I have friends in the Philippines who live without what we would call security. Some lack stable housing. Some do not know where their next nourishing meal will come from. By Maslow’s logic, happiness should be out of reach for them. And yet they laugh easily. They share what little they have. They seem, at times, genuinely happy.
But not always. Not consistently. And perhaps that, too, is part of the truth. Their happiness exists in rhythm with their hardship, not in spite of it. It is sustained by community, by being surrounded by others who live within the same limits and uncertainties. Happiness, it turns out, is deeply relative—shaped less by absolute conditions than by what we see reflected in the lives around us.
And if we look closely, even those with wealth are never entirely secure. Laws falter. Economies wobble. Illness arrives without warning.
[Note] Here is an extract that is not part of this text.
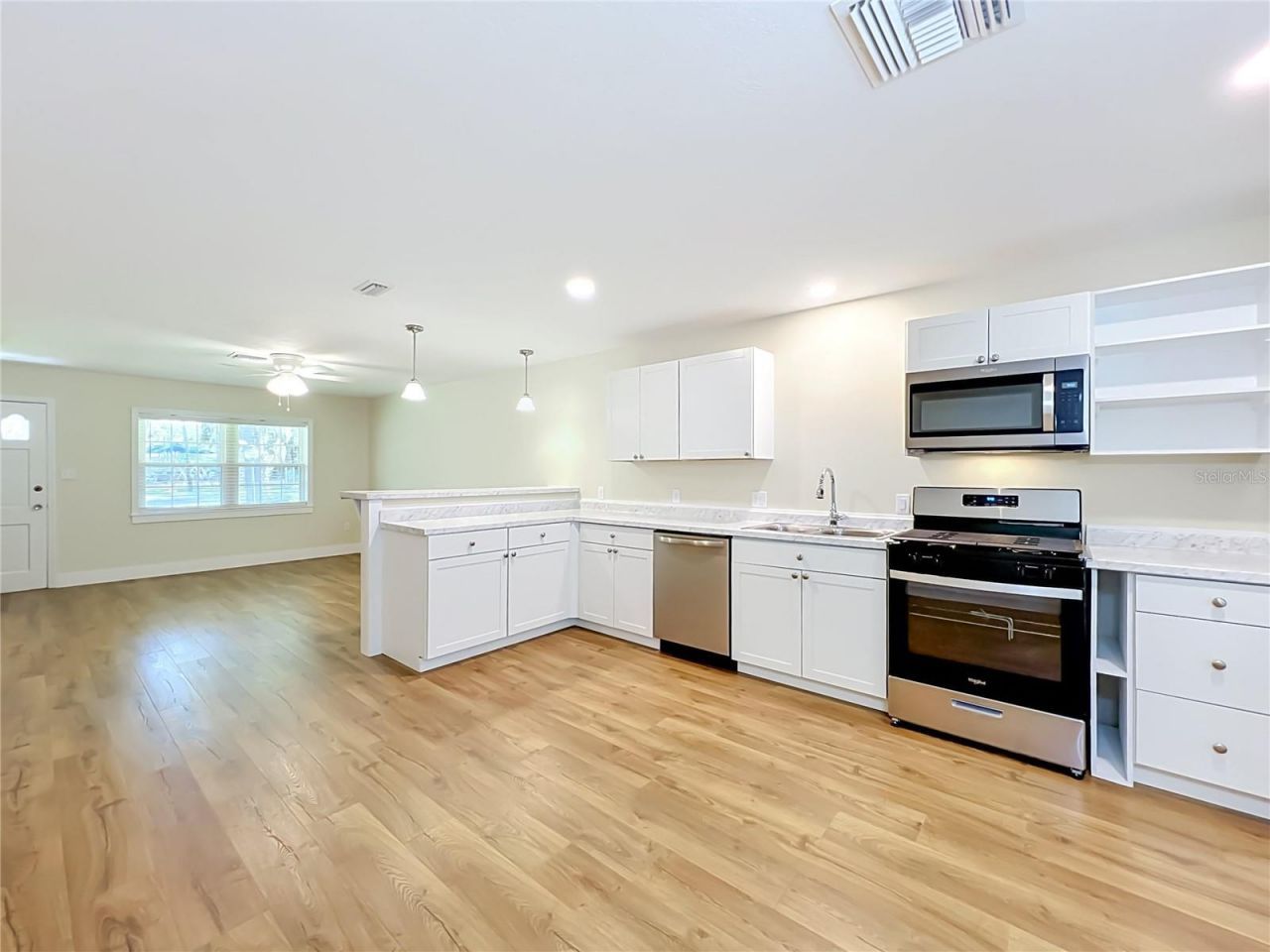450 Liberty Avenue , Unit 3, Mount Dora, FL 32757 Photo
The structures we depend on can dissolve far more quickly than we imagine. No amount of money can fully protect us from impermanence.
Still, in the quiet routines of everyday life, a sense of safety matters. We need enough stability to think clearly, to sleep without fear, to imagine a future at all. For better or worse, money has become one of the primary ways we purchase that sense of calm. Financial security does not guarantee happiness—but its absence can make happiness feel fragile, fleeting, harder to hold.
This reflection marks the beginning of a new blog series on financial independence. I am not pursuing it as a race, or as a bid for excess, but as a way of laying down a gentler foundation—one sturdy enough for happiness to surface when it chooses. Not just for me, but for my son, and for the life he will one day step into. If happiness is a guest rather than a possession, then financial independence, for me, is simply an attempt to make the house a little more welcoming.
Perhaps happiness does not require perfect safety, nor endless wealth. Perhaps it asks only for enough ground beneath our feet—enough to let us breathe, connect, and remain open to whatever quiet grace might pass through our lives.